SUPREME COURT OF NEBRASKA
Jul 16, 2021
309 Neb. 738 (Neb. 2021)

Opinion

No. S-20-802.

07-16-2021

MAIN ST PROPERTIES LLC, appellant, v. CITY OF BELLEVUE, Nebraska, et al., appellees.

Thomas G. Schumacher, Jason M. Bruno, and Robert S. Sherrets, Omaha, of Sherrets, Bruno & Vogt, L.L.C., for appellant. Heather B. Veik, of Erickson & Sederstrom, P.C., Omaha, for appellees.


Thomas G. Schumacher, Jason M. Bruno, and Robert S. Sherrets, Omaha, of Sherrets, Bruno & Vogt, L.L.C., for appellant.

Heather B. Veik, of Erickson & Sederstrom, P.C., Omaha, for appellees.

Heavican, C.J., Miller-Lerman, Cassel, Stacy, Funke, Papik, and Freudenberg, JJ.

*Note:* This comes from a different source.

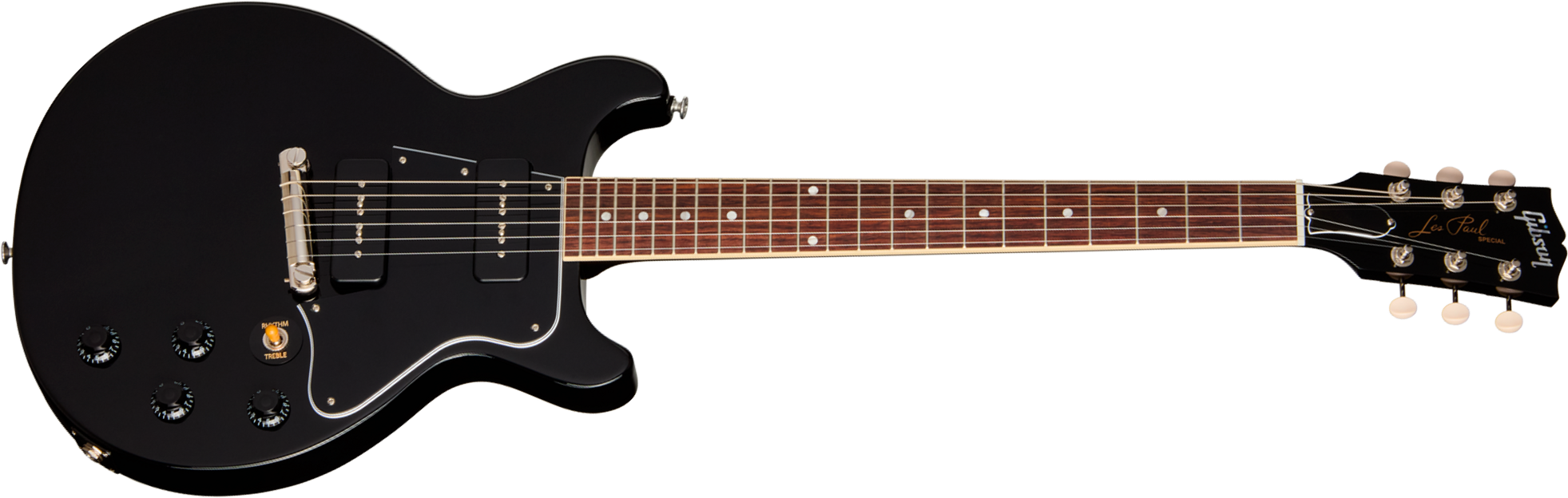 Gibson Les Paul Special Dc Usa 2s P90 Ht Rw - Ebony - Double cut gitaar - Main picture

Miller-Lerman, J. NATURE OF CASE

Main St Properties LLC (MSP) appeals the order of the district court for Sarpy County which dismissed MSP's "Petition to Appeal Assessment of Bellevue Board of Equalization" for lack of jurisdiction. MSP wished to appeal a resolution of the City of Bellevue (City) which placed liens on property owned by MSP in order to collect costs that had been assessed for the demolition and removal of a structure on the property. MSP contends that the resolution levied a "special assessment" pursuant to Neb. Rev. Stat. § 18-1722 (Reissue 2012), and it sought appeal under Neb. Rev. Stat. § 19-2422 (Cum. Supp. 2020), which authorizes an appeal to the district court for "[a]ny owner of real property who feels aggrieved by the levy of any special assessment ...." The court determined that no special assessment was imposed and that therefore, § 19-2422 did not apply. The court sustained the City's motion to dismiss. In connection with its reasoning, the court concluded that MSP had failed to seek review as a petition in error under Neb. Rev. Stat. § 25-1901 et seq. (Reissue 2016 & Cum. Supp. 2020) and that the court therefore lacked subject matter jurisdiction.

We conclude that § 19-2422 authorized MSP's appeal of the resolution which levied a special assessment and placed a lien on the property. We therefore reverse the district court's dismissal based on lack of jurisdiction and remand the cause for further proceedings.

STATEMENT OF FACTS

MSP owns real property located in Bellevue, Nebraska. In February 2020, the city council passed a resolution condemning a structure on MSP's property as being a public nuisance, unsafe for human occupancy, unsanitary, and in a dangerous condition. The resolution directed MSP to cause the structure to be torn down, the debris removed, and the premises placed in safe condition by March 4. When MSP failed to comply with the resolution, the City hired a contractor and had the structure demolished.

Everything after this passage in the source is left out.